Valence electrons are the electrons in the outermost shell of an atom that can participate in the formation of chemical bonds. In the exercise, the number of valence electrons is used to construct the Lewis structure of sulfuric acid. Hydrogen has 1 valence electron, sulfur has 6, and oxygen has 6. The summation of these electrons gives us the total to work with—32 valence electrons for \( \mathrm{H}_{2}\mathrm{SO}_{4} \).

The arrangement of these electrons is the first step in drawing our Lewis structure. Sulfuric acid is unique because while hydrogen generally forms single bonds, sulfur and oxygen can form multiple bond types.
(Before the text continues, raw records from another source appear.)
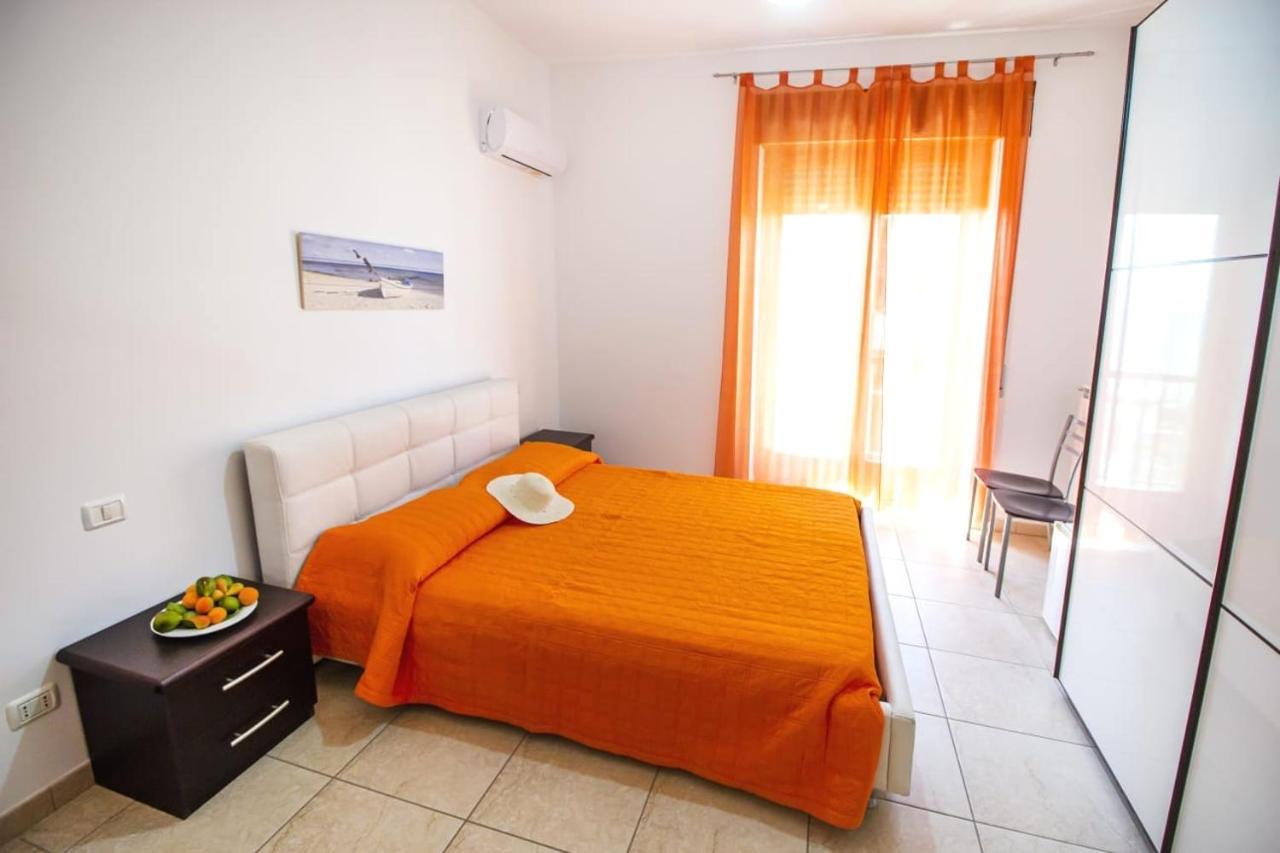 فيستَ Incanto Di Luna B&B Family Rooms المظهر الخارجي الصورة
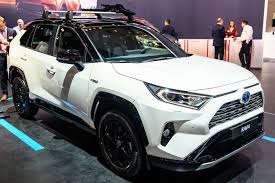 What we love about this crossover suv is its large cargo capacity. Recall Alert For Toyota Rav4 Models With Failing Suspensions
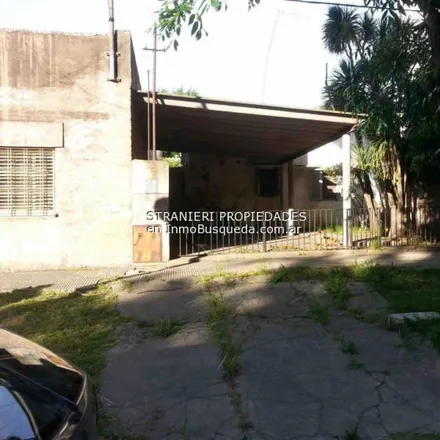 Buy this studio townhouse on Avenida 25 468 in Partido de La Plata, 1900 La Plata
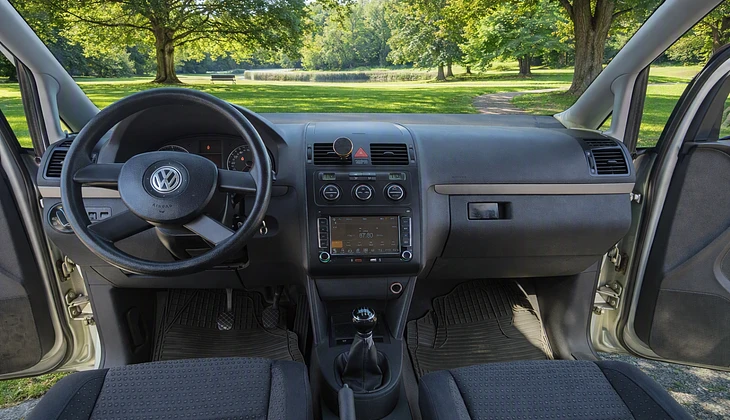 location-VOLKSWAGEN-Verrières-le-Buisson-roadstr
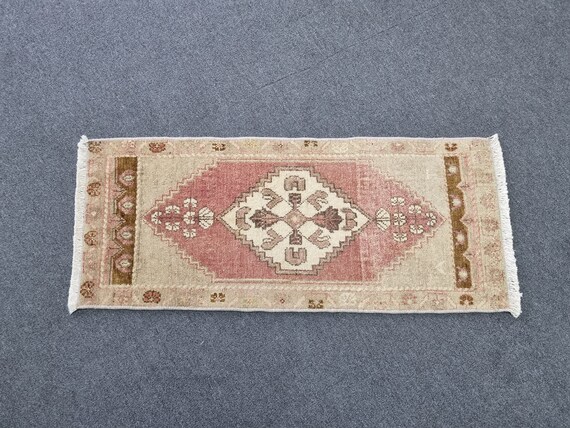 Antique Oushak Wool Rug: Small Turkish Entryway Mat (1'5''x3'3'')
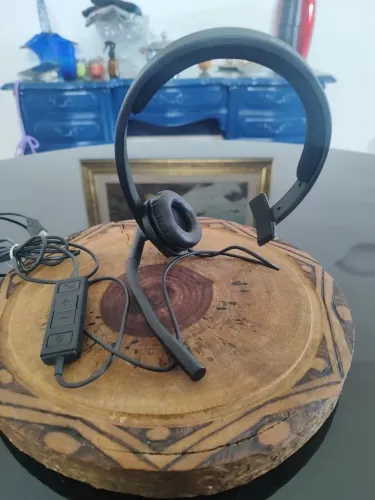 headset Logitech H570e Head fone com Microfone para uso Comercial profissional ou pessoal 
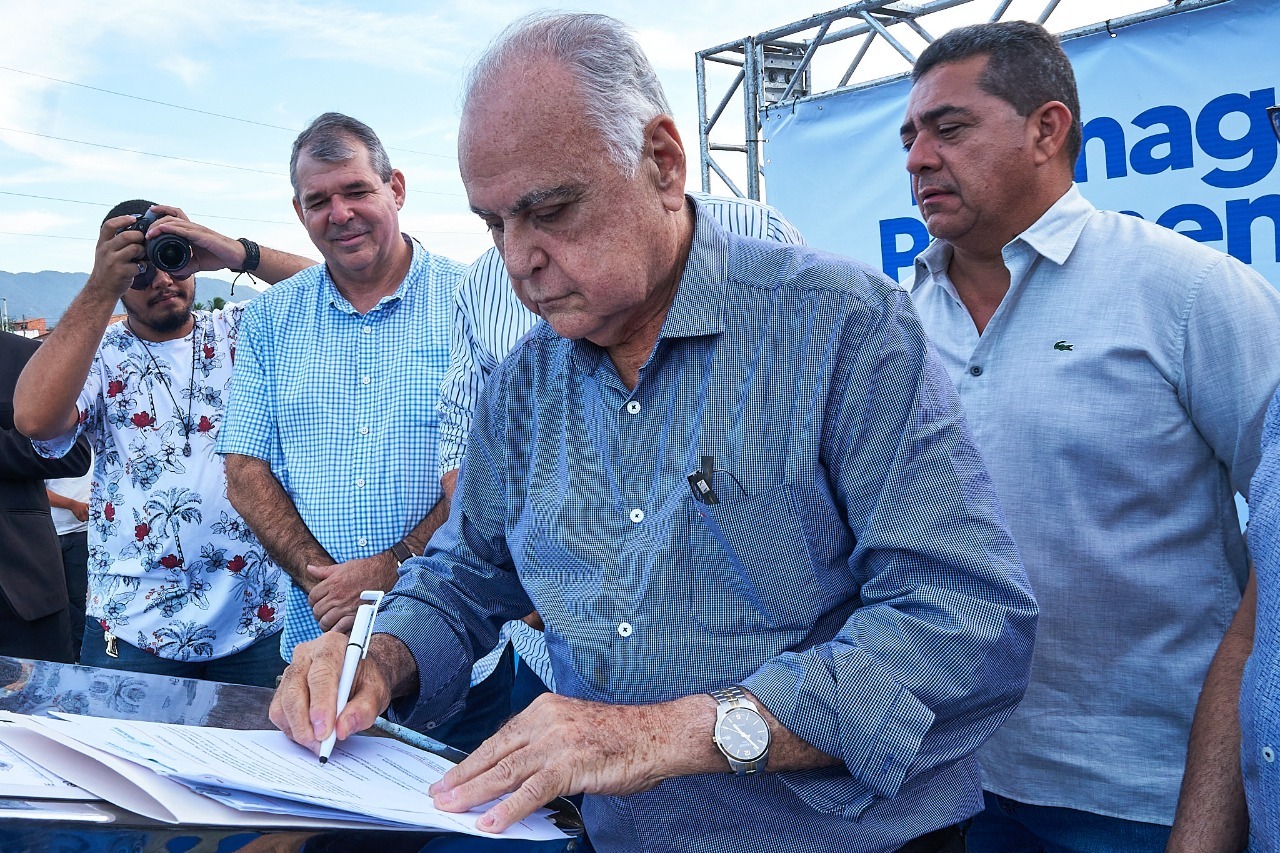 Você está visualizando atualmente Roberto Pessoa assina ordem de serviço para obras de drenagem e pavimentação em 16 ruas do bairro Antônio Justa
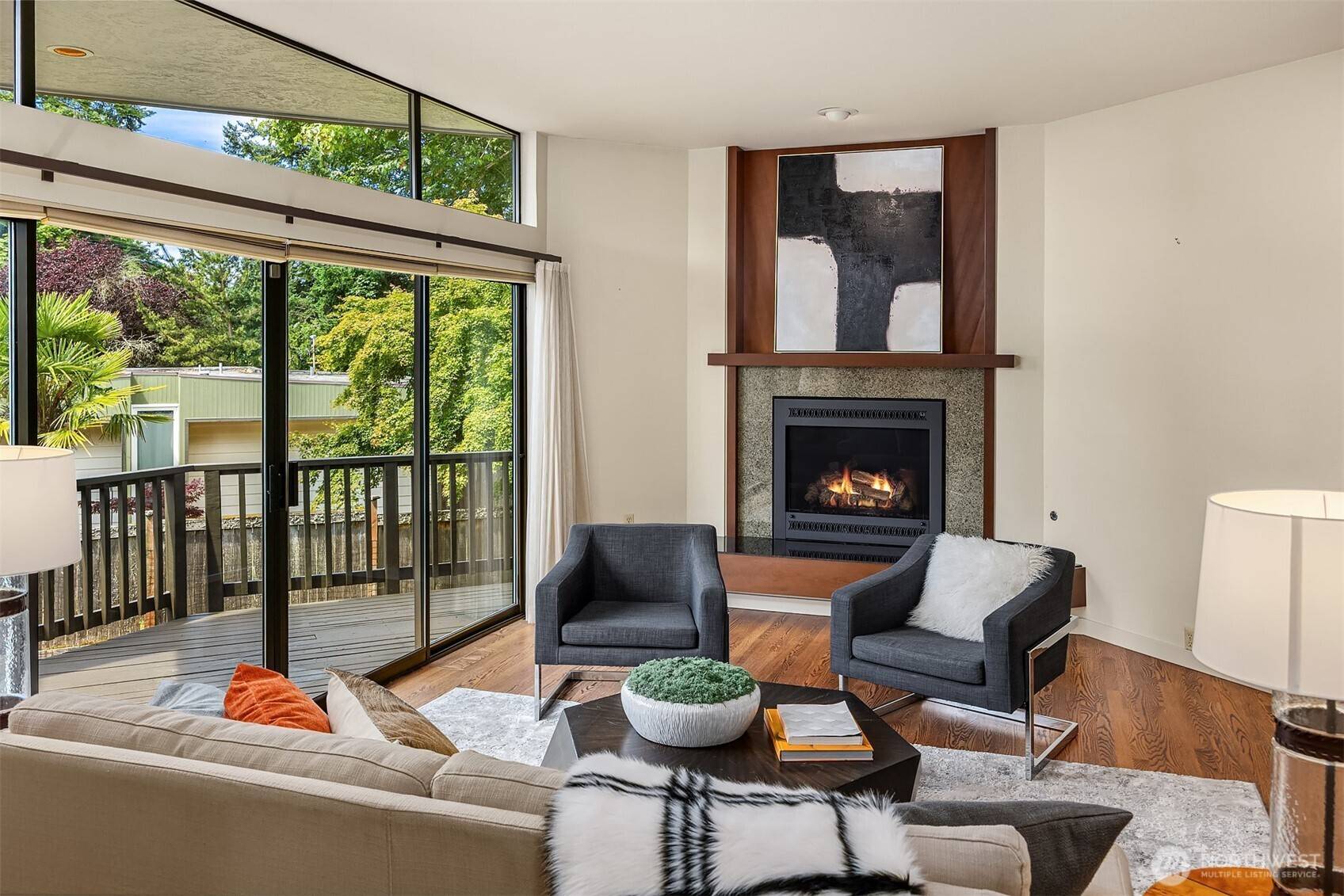 Shoreline, WA 98177,19081 11th AVE NW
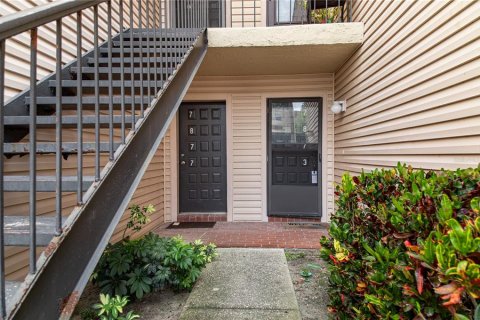 Condo in Tampa, Florida, 2 bedrooms № 2210124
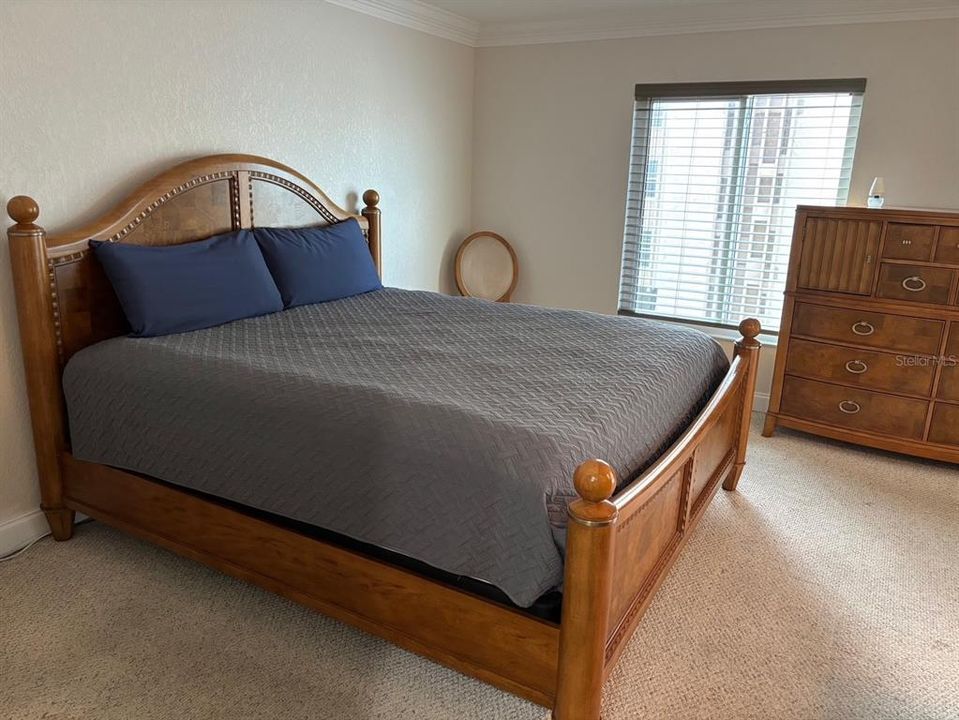 For Rent: $2,000 (2 beds, 2 baths, 1090 Square Feet)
In structuring the molecule, it's essential to place these valence electrons not only to form bonds but also to fill the octets of the oxygen atoms, adhering to the octet rule. The remaining electrons are assigned as lone pairs or part of double bonds to minimize the formal charge and satisfy the octet requirement for each atom.

Formal Charge

Formal charge is a bookkeeping tool used in chemistry to determine the charge distribution within a molecule. The lower the formal charge, the more stable the molecule. To compute the formal charge, the formula is:\[\text{Formal Charge} = \text{Valence Electrons} - (\text{Non-bonding Electrons} + 0.5 \times \text{Bonding Electrons})\]

In the example of \( \mathrm{H}_{2}\mathrm{SO}_{4} \), we've seen that initially, the sulfur atom had a formal charge of +2, and the oxygen atoms had a formal charge of -1. To achieve a more stable structure with lower formal charges, we rearrange electrons to form double bonds. This reduces the formal charge on sulfur to 0, while also bringing the oxygen atoms' formal charges to 0. A Lewis structure that minimizes formal charge tends to be the most representative of the molecule's actual electronic structure, and this consideration is crucial when predicting the behavior and reactivity of molecules.